Nel 2023 cambieranno le modalità di accesso alle Facoltà di Medicina. L’annuncio è della Ministra dell’Università Maria Cristina Messa che in un’intervista al Corriere della sera ha spiegato come funzionerà il meccanismo di selezione che manderà in pensione il concorsone che però quest’anno continuerà ad esserci seppur con qualche modifica.

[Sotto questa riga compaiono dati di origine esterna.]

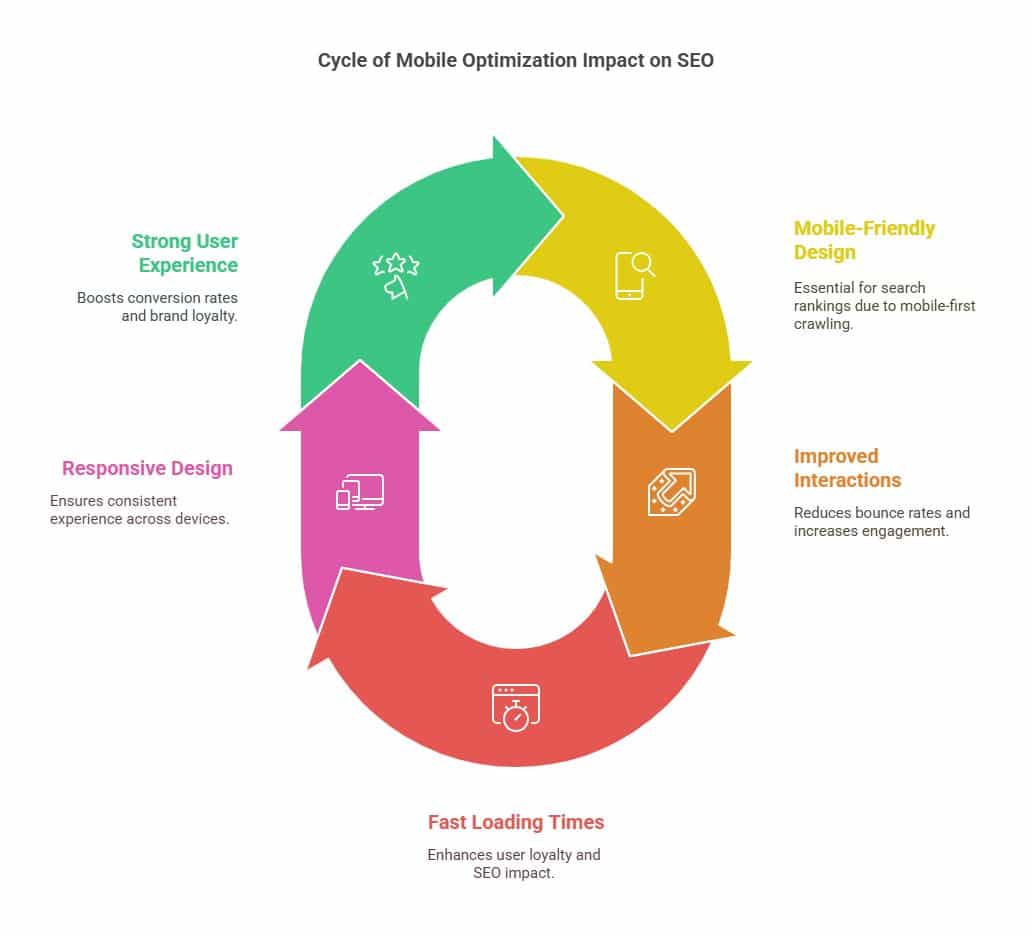 Visual about Cycle of Mobile Optimization Impact on SEO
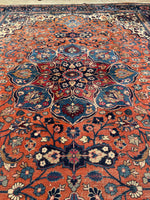 10'8 x 14' Antique Tabriz rug #2134 / Large Vintage Rug - Blue Parakeet Rugs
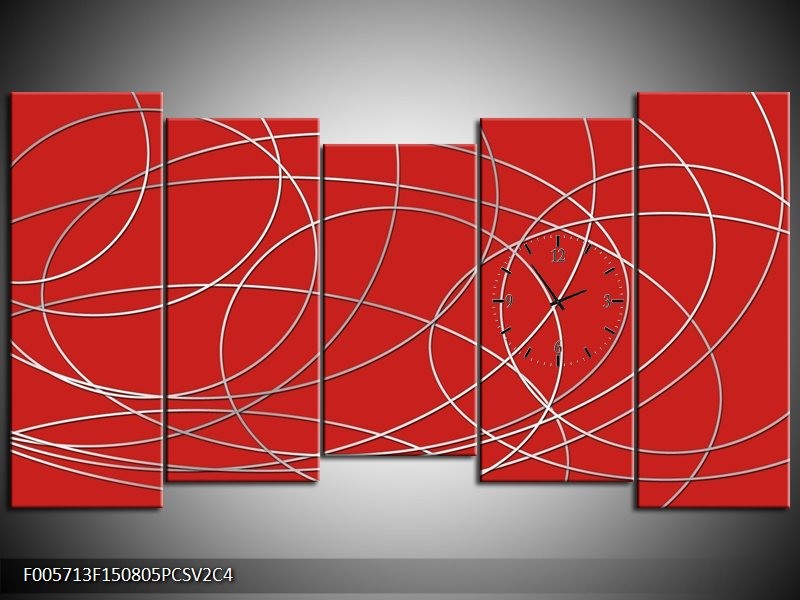 Klok schilderij Art | Rood | 150x80cm 5Luik
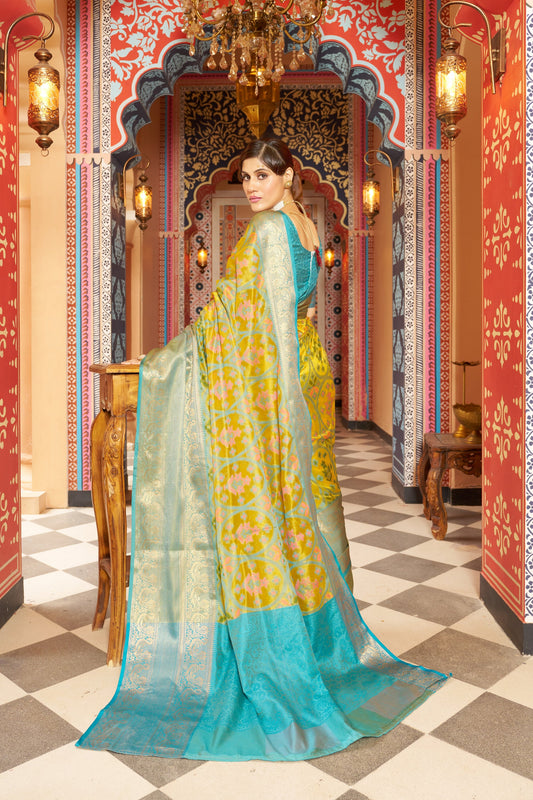 Yellow Banarasi Pure Soft Silk Saree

“Il test di settembre 2022 – spiega Messa – sarà ancora molto simile a quello degli anni scorsi. Sarà in presenza e cartaceo, ma con alcuni aggiustamenti. Sarà ridimensionata la parte delle domande di cultura generale, restano quelle di ragionamento logico e poi il resto sarà disciplinare. Dal prossimo maggio gli Atenei forniranno materiale online per le esercitazioni che potrà essere scaricato gratuitamente dagli studenti per prepararsi. E ad agosto ci saranno veri e propri corsi di preparazione, sempre online e gratuiti, curati dalle università. Chi vuole potrà fare anche un test di autovalutazione, il cui risultato resterà soltanto a disposizione dello studente stesso”.
 
Ma dal 2023 cambierà tutto: “Non ci sarà più la giornata da incubo del concorsone. Ogni candidato fa un suo percorso che lo porta a sostenere un esame Tolc, si chiamerà Tolc-Medicina. Lo si potrà fare più volte all’anno – io direi due ma sono aperta a discuterne – a partire dal quarto anno delle superiori. Poi, nella data che il ministero stabilirà, ognuno inserisce il risultato migliore nella piattaforma e si formerà la graduatoria nazionale. I posti saranno assegnati secondo le disponibilità degli Atenei e le preferenze indicate dai candidati, come avviene già ora. Un percorso personalizzato e una graduatoria per tutti”.
 
Messa spiega poi cos’è l’esame Tolc: “Si tratta di test di orientamento e ingresso che vengono già usati per altri corsi dalle Università che hanno il numero chiuso, per esempio a ingegneria. Le università indicano il giorno in cui si può sostenere l’esame presso la loro sede, lo studente si presenta e fa il test su postazioni computerizzate. Le domande saranno diverse in ogni sessione, ovviamente, ma i risultati saranno comparabili”.
 
In ogni caso il numero chiuso rimarrà ma forse potrebbero aumentare ancora i posti disponibili: “In questi ultimi anni sono aumentati moltissimo i posti: siamo passati da poco più di novemila ai 14.500 dello scorso anno. I posti disponibili per il prossimo anno accademico li sapremo, penso, già a fine marzo”.